This paper is structured as follows. Section 2 introduces the overall multi-frequency CO2-H2O-DIAL system setup and the EOM sideband seeded OPO. Section 3 explains the multi-frequency DIAL theory and post-processing of the data. A statistic and systematic error budget analysis is given in Section 4. In Section 5, the simultaneous measurements of dry air mixing ratios obtained using an IPDA LIDAR system and a commercial point sensor based on cavity ring-down technology [18] are compared with the CO2-H2O-DIAL results. A summary with conclusions is provided in Section 6.

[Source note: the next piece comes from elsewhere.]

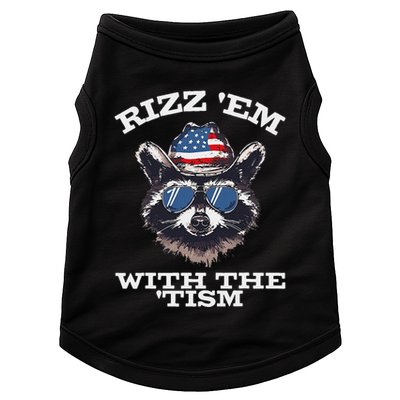 Patriotic Rizz Em With The Tism Raccoon Meme 4th Of July Doggie Tank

2. Multi-frequency DIAL setup
The ground-based multi-frequency CO2-H2O-DIAL system is depicted on the right side of Fig. 1. The left side of Fig. 1 shows the IPDA LIDAR system [11] with an additional in situ point sensor (CRD) and a weather transmitter (Weather TX) to compare the DIAL results with the IPDA LIDAR. We first describe the multi-frequency CO2-H2O-DIAL setup and then provide key specifications of the IPDA LIDAR system [11] for comparison below.

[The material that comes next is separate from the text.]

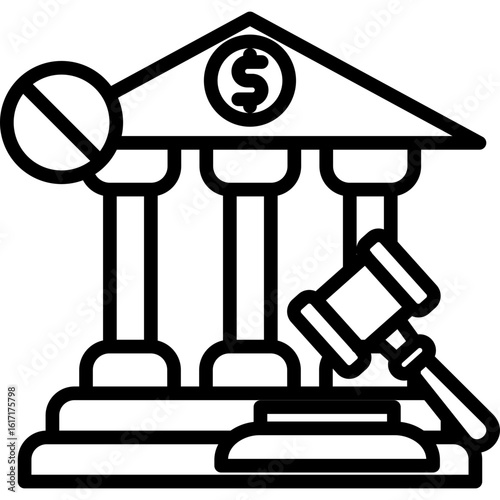 Sanctioned Bank line icon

Fig. 1 Schematic sketch (not to scale) of the CO2-H2O-DIAL system (right side) and overall measurement setup including the IPDA LIDAR, cavity ring-down instrument (CRD), and weather transmitter (Weather TX) (left side). Right side: OPO DIAL transmitter telescope with near-field and far-field receiver telescopes with fiber-coupled (FCP) photomultiplier tube detectors (PMT A, PMT B) in temperature-stabilized box. 2 channel (CH1, CH2) data acquisition (PC DAQ) with 8 bits resolution for photon current and photon counting at a sampling rate of 2 GS/s. QE: quantum efficiency, BP: bandpass, I AMP: transimpedance amplifier (5,000 V/A gain). See Table 1 for detailed CO2-H2O-DIAL specifications. Left side: IPDA LIDAR transmitter-receiver telescope with detector (PMT C), amplifier-discriminator module (AMP DISC), and data acquisition (DAQ IPDA LIDAR). The cavity ring-down instrument is located in the laboratory and samples ambient air through a tube with the inlet next to the weather transmitter mounted on the laboratory roof top.

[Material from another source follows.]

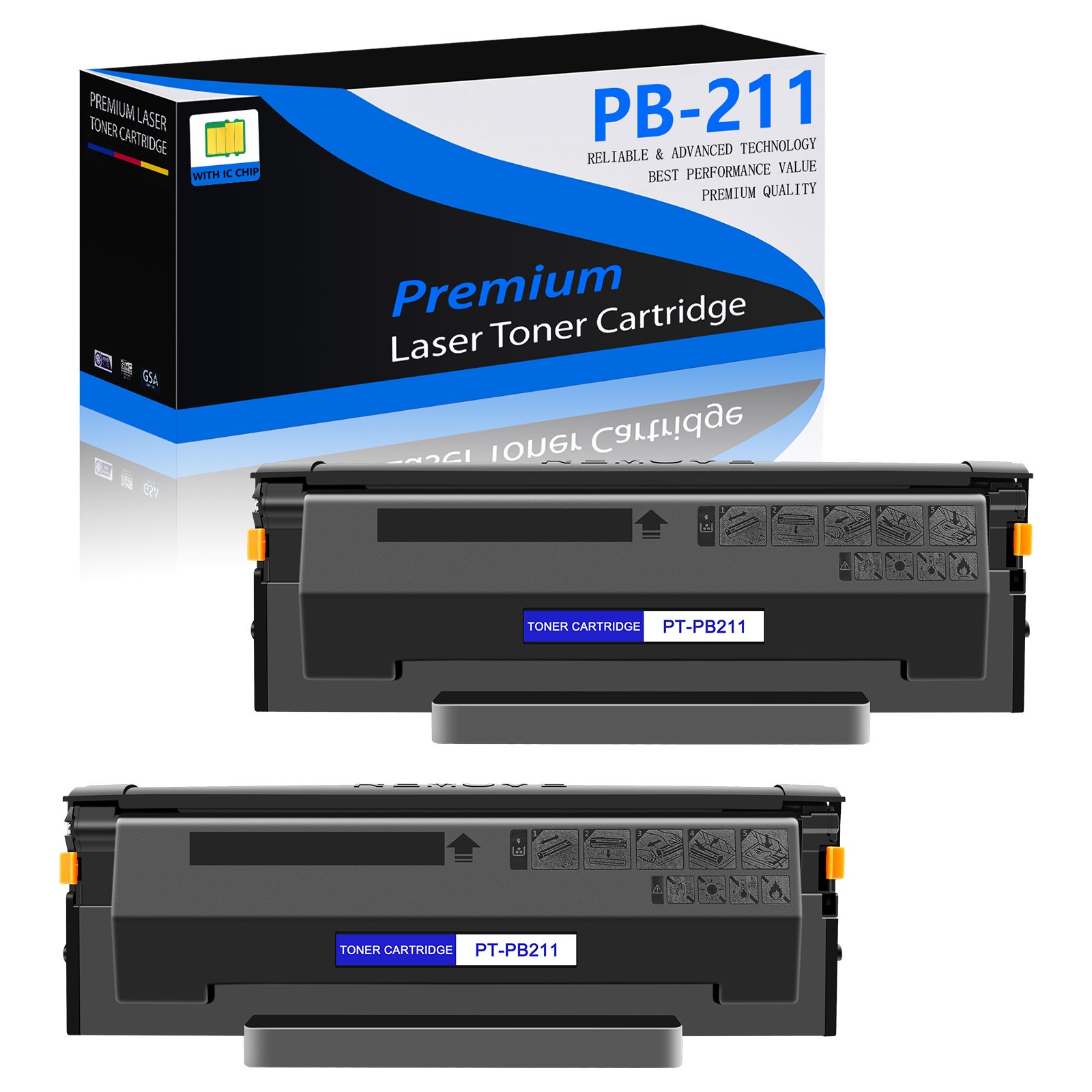 2PK PB-211 Toner Cartridge P2500W, P2502W, M6550NW, M6600NW, M6552NW, M6602NW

The multi-frequency CO2-H2O-DIAL system consists of a frequency converter (EOM-seeded OPO) with transmitter telescope, a near- and far-field receiver telescope with photomultiplier tube (PMT) detectors, and a data acquisition system for photon counting and photon current detection. Table 1 lists the specifications of the CO2-H2O-DIAL system.
The injection-seed system and the OPO design are shown in the upper and lower section of Fig. 2, respectively. The ECDL laser is split between the IPDA LIDAR (discussed below) and the OPO seed systems. For the OPO system, one leg of the fiber splitter is further amplified and tunable sidebands are added for frequency scans using a waveform generator. Single sidebands are selected and transmitted through a high finesse filter cavity. The higher finesse of this cavity relative to that of the IPDA LIDAR system cavity improves the spectral purity and increases the cavity time constant. However, this poses no timing restrictions for frequency switching of the OPO at a pulse repetition frequency (PRF) of 100 Hz. The other fiber leg is used to lock the ECDL to the filter cavity using a Pound-Drever-Hall (PDH) stabilization technique [19]. The output of the filter cavity has a carrier and non-resonant sideband rejection ratio of >30 dB which is specified using an optical spectrum analyzer (ANDO AQ6370D).
Fig. 2 Filter cavity seed system (top) and RISTRA OPO (bottom) [20,21]. The external cavity diode laser (ECDL) is fiber coupled (FCP), isolated (ISO) and split in fiber (FS1) into two legs. The 90% leg is amplified and passed through an electro-optic modulator (EOM2), free-space coupled through a polarizing beam cube (PBS), mode matched to a pressure sealed confocal filter cavity made of Invar (0.5 m long, 99% mirror reflectivity, finesse ≈600, linewidth 0.5 MHz, time constant ≈260 ns) with lens (L1), and coupled back into a PM fiber. EOM2 is driven with the amplified output (AMP) of an arbitrary waveform generator (AWG, 20 GHz, Keysight M8195A). After amplification (BOA2), 240 MHz sidebands (RF2) are added with EOM3 for OPO cavity locking before being free-space coupled into the two crystal Potassium Titanyl Arsenate (KTA) RISTRA OPO pumped with a Nd:YAG laser (Coherent Infinity 40-100, PRF: 100 Hz). The idler, pump and other parasitic conversion are spatially removed using a folded prism beam separator (PS) and the signal wave is converted to a ring mode using an axicon pair (AX) for efficient coupling through the transmitter. The second 10% leg is used for frequency locking the ECDL to the filter cavity and is first coupled through EOM1, shifted by 50 MHz in an acoustic optic modulator (AOM), passed through a circulator (CIR) and free-space combined on PBS. The reflected light is detected on a photodiode (DET-PDH) and fed back (PID) to the ECDL after mixing (MIX) the electrical signal with the local oscillator (RF1: 3 MHz) and conditioning the error signal using proportional-integral-differential electronics (PID lock).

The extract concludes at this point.